Une fois tout ça écrit, avons-nous entre les mains une œuvre totalement indispensable ? Il faut voir cette réunion d’amis zicos comme un projet collaboratif qui rend hommage aux artistes et aux albums qui les ont influencés et inspirés. Certaines pistes sont plutôt fidèles aux enregistrements références ('Love Me Like A Reptile', 'Holiday in Cambodia', 'Rebel Yell', 'L.O.V.E. Machine') et d’autres ont légèrement été réarrangées (ici un solo de gratte différent, là un riff modifié). Quelques « libertés » sur les lignes de chants histoire de ne pas cloner les vocalistes originaux (vas-y pour reproduire les grains si particuliers des Rob Halford, Ozzy, Jello Biafra, Lemmy, Freddy Mercury, …) et mieux s’approprier les titres. Thom Hazaert est le chanteur principal du CD mais il se fait parfois remplacer par tous certains comparses invités.

Tout cela est évidement bien interprété. On imagine sans peine que toutes les personnes impliquées dans ces récréations se sont fait plaisirs. Il y a plein de bonnes choses.
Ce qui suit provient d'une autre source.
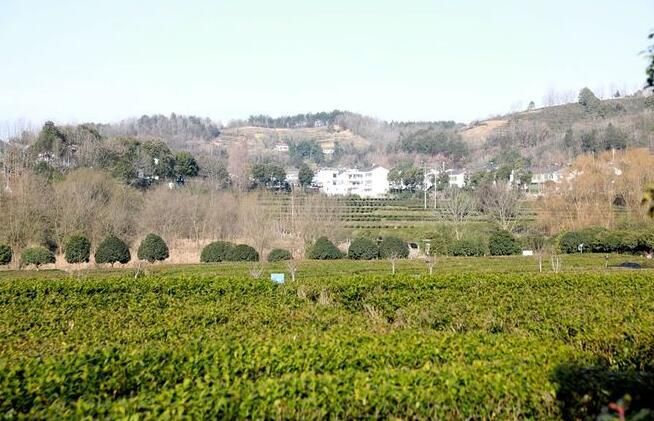 关于西乡县：茶园生机勃勃 茶农丰收在望的资讯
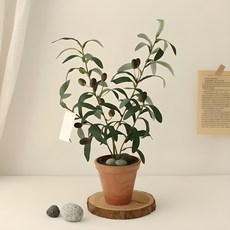 THE FLOWERMARKET 我的小橄欖樹, 混色, 1個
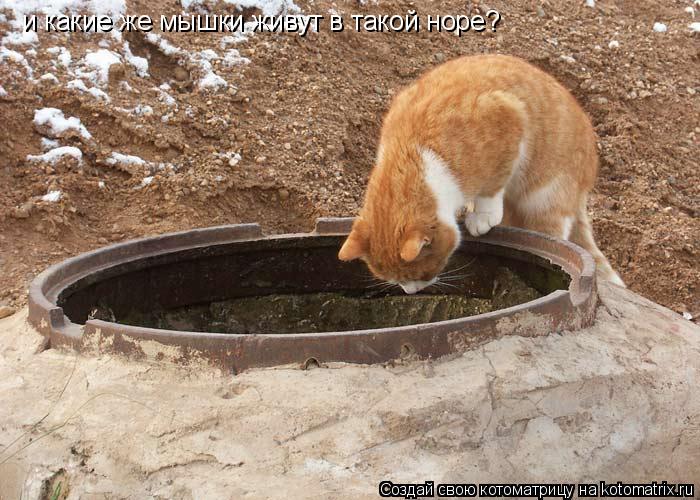 и какие же мышки живут в такой норе?... Котоматрица: и какие же мышки живут в такой норе?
On peut citer les relectures réussies du Madman Osbourne ('Over the Mountain' avec Andrew Freeman de Last In Line), de Judas Priest (la vitaminée 'Freewheel Burning'), de Cheap Trick (l’énergique 'Auf Wiedersehen' avec l’escogriffe Al Jourgensen de Ministry), ou de Sweet ('Sweet FA' avec Todd Kearns, le bassiste conspirateur du chapeauté Slash qui vient ici pousser la chansonnette). On passe aussi un très chouette moment à l’écoute des classiques revisités d’Ac/dc ('Riff Raff' avec Jason McMaster de Dangerous Toys) et de Queen (la version métallisée de 'Sheer Heart Attack' en compagnie de miss Doro). Il est rigolo de noter que certains musiciens qui apparaissaient sur les compos originelles sont ici revenus s’éclater avec la bande à Dave (Russ Parrish sur le 'Nailed To The Gun' de Fight, Eddie Ojeda sur le 'Tear It Loose' de Twisted Sister).

Au milieu de toutes ces plages relevées, ce sont glissées deux surprenantes et inattendues ballades ('Love Hurts' de Nazareth originellement perpétrée par les Everly Brothers, 'Beth' de Kiss ici aux arrangements piano et cordes) et une (la seule) compo originale d'Ellefson & cie ('Downed'). Reconnaissons en cela la volonté de varier les genres avec quelques grands écarts d’univers et de styles.

Avec ce « No Cover », Ellefson et ses pointures musicos ne réinventent pas la roue. Ce n’était clairement pas le but recherché. Cette collection de reprises a été conçue pour rendre hommage, (se) faire plaisir et nous faire patienter jusqu’au prochain méfait. En cela, le contrat est amplement remplit.